The garlic — I use four cloves. Sometimes more.
For the herbs, thyme and oregano are the ones I come back to. Dried works fine. Fresh is better if you have it, but I’m not going to make you feel bad if you’re using the jar from two years ago that still has some smell left in it.
The broth is a quarter cup. Just a little. It’s not a sauce situation, it’s more like — it loosens everything up and picks up the brown bits from the bottom. Use whatever you have. Vegetable broth if you’re keeping it vegetarian, chicken broth if you’re not fussed about it.
And the parmesan at the end is non-negotiable. I know the ingredient list says it’s optional but I’m telling you, don’t skip it.
Ingredients
1 tablespoon olive oil
About 3 tablespoons butter, divided — I use salted, though you probably shouldn’t
2 small zucchini, cut into thin half-moon slices (thinner than you think, about a quarter inch)
Salt and black pepper to taste
1 small yellow onion, diced pretty fine
1 pound small button mushrooms, cleaned and dried well
3 to 4 cloves garlic, minced (or 5, I’m not the boss of you)

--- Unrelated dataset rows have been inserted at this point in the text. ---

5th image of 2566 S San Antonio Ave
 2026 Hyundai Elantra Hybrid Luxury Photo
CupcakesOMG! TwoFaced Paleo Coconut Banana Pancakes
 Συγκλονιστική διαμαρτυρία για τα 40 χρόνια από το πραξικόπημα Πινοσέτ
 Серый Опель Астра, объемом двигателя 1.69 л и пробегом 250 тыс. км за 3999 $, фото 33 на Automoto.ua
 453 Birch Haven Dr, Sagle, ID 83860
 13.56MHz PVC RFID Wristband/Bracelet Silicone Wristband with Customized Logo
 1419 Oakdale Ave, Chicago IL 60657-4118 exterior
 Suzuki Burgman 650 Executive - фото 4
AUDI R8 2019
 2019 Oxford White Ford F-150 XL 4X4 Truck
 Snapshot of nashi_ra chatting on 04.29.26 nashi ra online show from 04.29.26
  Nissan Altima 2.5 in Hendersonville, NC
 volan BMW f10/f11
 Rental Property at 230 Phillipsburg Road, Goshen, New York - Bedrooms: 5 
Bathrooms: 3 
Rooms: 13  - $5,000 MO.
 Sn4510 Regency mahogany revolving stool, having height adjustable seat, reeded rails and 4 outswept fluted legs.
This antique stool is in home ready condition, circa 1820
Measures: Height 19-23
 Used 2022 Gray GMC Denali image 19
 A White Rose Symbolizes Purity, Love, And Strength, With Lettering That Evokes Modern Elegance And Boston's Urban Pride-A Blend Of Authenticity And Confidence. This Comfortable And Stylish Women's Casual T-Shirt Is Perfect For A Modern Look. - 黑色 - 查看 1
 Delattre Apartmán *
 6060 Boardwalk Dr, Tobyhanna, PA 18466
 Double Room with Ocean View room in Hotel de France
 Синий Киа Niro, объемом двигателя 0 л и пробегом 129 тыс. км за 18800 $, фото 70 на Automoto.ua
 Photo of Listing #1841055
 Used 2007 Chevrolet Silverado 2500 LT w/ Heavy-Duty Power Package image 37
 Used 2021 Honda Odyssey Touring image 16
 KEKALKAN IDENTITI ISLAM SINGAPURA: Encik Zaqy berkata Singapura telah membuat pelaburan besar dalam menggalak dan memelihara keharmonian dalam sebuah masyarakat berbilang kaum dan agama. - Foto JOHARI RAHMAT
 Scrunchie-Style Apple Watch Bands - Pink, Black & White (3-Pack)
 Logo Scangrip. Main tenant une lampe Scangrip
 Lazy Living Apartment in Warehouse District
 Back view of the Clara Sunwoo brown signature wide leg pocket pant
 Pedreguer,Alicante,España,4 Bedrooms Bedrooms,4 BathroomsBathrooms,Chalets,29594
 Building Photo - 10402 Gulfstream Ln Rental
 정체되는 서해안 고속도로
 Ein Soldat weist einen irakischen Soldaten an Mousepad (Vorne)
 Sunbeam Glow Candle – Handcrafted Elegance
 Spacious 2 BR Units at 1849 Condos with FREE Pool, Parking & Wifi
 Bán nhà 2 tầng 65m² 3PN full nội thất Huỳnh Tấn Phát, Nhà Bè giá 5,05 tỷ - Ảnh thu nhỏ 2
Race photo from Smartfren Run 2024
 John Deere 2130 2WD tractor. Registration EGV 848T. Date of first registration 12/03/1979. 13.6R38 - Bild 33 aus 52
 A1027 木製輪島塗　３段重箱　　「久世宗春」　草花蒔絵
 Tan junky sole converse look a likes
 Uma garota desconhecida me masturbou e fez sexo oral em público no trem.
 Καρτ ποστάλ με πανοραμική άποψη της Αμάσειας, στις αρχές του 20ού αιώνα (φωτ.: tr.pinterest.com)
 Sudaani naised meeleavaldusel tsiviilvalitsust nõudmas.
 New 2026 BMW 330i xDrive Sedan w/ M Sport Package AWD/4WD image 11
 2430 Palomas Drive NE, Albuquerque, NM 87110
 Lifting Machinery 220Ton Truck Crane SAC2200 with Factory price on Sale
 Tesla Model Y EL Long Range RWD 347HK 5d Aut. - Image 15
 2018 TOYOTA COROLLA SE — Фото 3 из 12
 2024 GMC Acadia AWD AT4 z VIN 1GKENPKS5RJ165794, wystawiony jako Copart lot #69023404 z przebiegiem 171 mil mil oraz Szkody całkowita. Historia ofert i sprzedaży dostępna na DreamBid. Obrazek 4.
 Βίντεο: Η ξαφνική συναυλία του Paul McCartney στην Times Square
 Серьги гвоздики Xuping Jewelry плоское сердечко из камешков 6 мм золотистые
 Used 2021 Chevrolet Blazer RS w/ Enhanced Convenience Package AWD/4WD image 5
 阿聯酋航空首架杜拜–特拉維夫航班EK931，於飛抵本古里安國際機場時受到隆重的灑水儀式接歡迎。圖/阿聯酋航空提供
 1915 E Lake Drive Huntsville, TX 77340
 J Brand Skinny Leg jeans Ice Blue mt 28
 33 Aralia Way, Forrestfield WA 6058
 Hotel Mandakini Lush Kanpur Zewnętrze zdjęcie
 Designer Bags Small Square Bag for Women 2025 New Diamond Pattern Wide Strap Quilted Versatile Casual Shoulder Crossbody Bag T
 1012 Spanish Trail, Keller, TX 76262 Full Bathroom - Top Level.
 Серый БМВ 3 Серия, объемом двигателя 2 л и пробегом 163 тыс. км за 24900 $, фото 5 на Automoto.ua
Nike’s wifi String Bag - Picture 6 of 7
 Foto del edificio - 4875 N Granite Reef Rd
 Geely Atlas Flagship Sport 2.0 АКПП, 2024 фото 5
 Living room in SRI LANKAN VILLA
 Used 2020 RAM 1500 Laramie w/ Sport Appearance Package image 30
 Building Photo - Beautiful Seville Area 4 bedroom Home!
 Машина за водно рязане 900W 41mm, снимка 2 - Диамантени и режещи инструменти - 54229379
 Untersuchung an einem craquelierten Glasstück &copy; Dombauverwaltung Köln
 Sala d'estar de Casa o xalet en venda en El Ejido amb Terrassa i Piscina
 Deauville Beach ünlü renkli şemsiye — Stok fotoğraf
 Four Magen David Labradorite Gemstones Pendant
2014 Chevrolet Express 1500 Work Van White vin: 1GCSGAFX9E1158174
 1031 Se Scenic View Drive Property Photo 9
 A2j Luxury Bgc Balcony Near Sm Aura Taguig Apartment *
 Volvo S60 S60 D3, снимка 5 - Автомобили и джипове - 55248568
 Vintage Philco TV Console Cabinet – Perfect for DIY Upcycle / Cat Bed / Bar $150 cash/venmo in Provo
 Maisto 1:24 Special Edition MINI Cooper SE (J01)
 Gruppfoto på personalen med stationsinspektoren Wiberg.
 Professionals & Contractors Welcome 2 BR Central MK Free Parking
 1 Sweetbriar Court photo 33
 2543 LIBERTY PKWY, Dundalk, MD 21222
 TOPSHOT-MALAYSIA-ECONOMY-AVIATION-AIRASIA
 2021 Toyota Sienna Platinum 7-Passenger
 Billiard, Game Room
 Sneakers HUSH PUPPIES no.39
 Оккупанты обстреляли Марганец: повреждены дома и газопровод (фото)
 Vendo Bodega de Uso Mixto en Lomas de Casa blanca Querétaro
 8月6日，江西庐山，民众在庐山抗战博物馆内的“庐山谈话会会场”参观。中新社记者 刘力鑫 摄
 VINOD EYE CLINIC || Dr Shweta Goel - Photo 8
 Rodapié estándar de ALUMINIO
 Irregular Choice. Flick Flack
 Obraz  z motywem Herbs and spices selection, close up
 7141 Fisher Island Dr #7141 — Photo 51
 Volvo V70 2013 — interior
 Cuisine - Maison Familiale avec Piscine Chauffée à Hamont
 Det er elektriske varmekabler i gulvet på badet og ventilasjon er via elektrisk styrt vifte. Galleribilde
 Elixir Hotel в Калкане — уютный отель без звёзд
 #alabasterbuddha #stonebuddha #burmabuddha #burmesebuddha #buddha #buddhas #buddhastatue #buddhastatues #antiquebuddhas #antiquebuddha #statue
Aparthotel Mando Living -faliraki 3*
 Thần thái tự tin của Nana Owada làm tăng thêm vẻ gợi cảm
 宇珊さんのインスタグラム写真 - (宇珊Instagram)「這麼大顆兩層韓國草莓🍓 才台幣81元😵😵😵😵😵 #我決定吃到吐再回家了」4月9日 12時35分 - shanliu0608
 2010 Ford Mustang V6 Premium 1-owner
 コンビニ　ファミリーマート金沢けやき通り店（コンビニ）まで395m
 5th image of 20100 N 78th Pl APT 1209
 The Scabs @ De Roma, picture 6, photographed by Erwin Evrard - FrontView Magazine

About 2 teaspoons of fresh herbs — thyme, oregano, or both — or 1 teaspoon dried
¼ cup vegetable broth
Fresh parsley, chopped, for the top
Grated parmesan, as much as you want
How to Make It
Get your skillet hot over medium-high heat — this is not a low-and-slow situation, you want some actual heat so the zucchini gets a little color instead of steaming into mush. Add the olive oil and half a tablespoon of the butter. When the butter’s melted and the oil’s shimmering, in go the zucchini slices.
Season them with salt and pepper right away. Cook for about three to four minutes, stirring once or twice. You want them fork-tender but not falling apart. Remove them to a plate and set aside. If there’s a bunch of liquid in the pan — zucchini releases water, which is annoying — just wipe it out. A folded paper towel works. Be careful, the pan is hot.
Return the pan to the heat and add the rest of the butter. Once it’s melted, add the onion. Two minutes, just to soften it. Then the mushrooms go in, and here’s where you need a little patience — don’t touch them too much. Let them sit and get brown on one side before you start stirring. Five to seven minutes total. You’ll know they’re ready when they’ve lost their raw white look and picked up some color.
Stir in the garlic and herbs. Twenty seconds, maybe thirty. Don’t walk away from the pan here because garlic burns fast and burnt garlic ruins everything — I learned that the hard way the first time I tried to make shrimp scampi, which is a whole other disaster I won’t get into right now.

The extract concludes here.